My Lords, the statement reverses the judgment of the Supreme Court in the case of ZN (Afghanistan) concerning the Immigration Rules that apply to dependants of former refugees who have been naturalised as British citizens, and imposes a new English language requirement on persons applying to join their spouses or civil partners already settled in the UK.

Up to now, the rules have allowed British citizens and non-EEA nationals who are settled in the UK or who are being admitted to the UK for settlement to bring with them their spouse, fiancé or civil partner subject to certain conditions which do not normally include a pre-entry language requirement, the only exception being where the applicant is asking for indefinite leave to enter as a partner or spouse. In those cases, where the applicant satisfies all the other requirements but not the English language test or the test of knowledge of life in the UK, she or he is normally admitted for a period of 27 months, which generally gives them time to do the homework and pass both tests.

The justification for extending pre-entry testing, given in paragraph 7.13 of the memorandum accompanying the statement, is that it will help spouses and civil partners to integrate into British society. The Government say that it will help promote the economic well-being of the UK by encouraging integration and protecting public services. They claim that it will help ensure that spouses and civil partners are equipped to play a full part in British life from the outset.

But the Immigration Minister, the honourable Member for Ashford, has included these rule changes in a list of initiatives designed to reduce numbers. The honourable Member for Romford reinforced the point when he appeared on the BBC's "Politics Show" on 9 June. I understand that the Government estimate that the tests will produce a 10 per cent reduction in applications from spouses and civil partners-perhaps my noble friend the Minister will confirm that figure.It would mean that we are talking not merely about a delay affecting the failed applicants but about their permanent exclusion. If the number of applications is the same in every year and the failures are successful 12 months later, the 10 per cent reduction will happen only in year 1 and will be made up by those who defer taking the examination until the second year. Will the Minister confirm that it is assumed that none of the 10 per cent will get through the tests after some delay? If not, what is the Government's estimate of the proportion of applicants who drop their attempts permanently?

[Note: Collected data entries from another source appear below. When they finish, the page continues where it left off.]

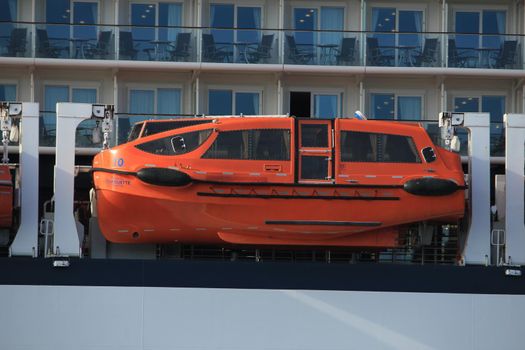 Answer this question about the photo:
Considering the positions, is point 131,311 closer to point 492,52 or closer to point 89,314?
point 89,314

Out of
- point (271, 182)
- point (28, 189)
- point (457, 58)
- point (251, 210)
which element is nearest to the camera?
point (271, 182)

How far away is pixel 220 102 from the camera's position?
26.3m

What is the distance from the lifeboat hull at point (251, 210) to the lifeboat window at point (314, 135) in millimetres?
634

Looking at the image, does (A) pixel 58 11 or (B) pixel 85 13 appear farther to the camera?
(B) pixel 85 13

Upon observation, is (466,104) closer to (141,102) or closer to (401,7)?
(401,7)

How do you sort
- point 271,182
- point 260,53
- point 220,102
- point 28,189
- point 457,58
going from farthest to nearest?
point 220,102 → point 457,58 → point 260,53 → point 28,189 → point 271,182

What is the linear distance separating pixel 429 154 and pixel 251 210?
2.74 m

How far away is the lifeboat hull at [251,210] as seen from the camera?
18.8 meters

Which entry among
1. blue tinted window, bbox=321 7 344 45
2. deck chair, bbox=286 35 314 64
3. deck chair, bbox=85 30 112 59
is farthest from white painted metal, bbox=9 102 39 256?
blue tinted window, bbox=321 7 344 45

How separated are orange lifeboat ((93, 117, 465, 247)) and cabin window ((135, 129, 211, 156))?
0.01 meters

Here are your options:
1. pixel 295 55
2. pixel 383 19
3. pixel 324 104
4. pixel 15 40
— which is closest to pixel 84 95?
pixel 15 40

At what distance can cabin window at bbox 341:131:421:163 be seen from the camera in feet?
62.1

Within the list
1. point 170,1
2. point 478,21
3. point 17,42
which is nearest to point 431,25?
point 478,21

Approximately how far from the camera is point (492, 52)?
25781mm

There was no consultation on the imposition of the language test on the grounds that the changes proposed were said to be minor and to reinforce rather than change existing policy. There was a consultation on the UKBA's original proposal on marriage visas generally in December 2007, and, the following July, it reported that 68 out of 101 respondents were against pre-entry language tests. Respondents pointed out the difficulty of accessing good-quality tuition in many countries and said that English was best learned in the UK, where facilities are available and the newcomer is already immersed in British life.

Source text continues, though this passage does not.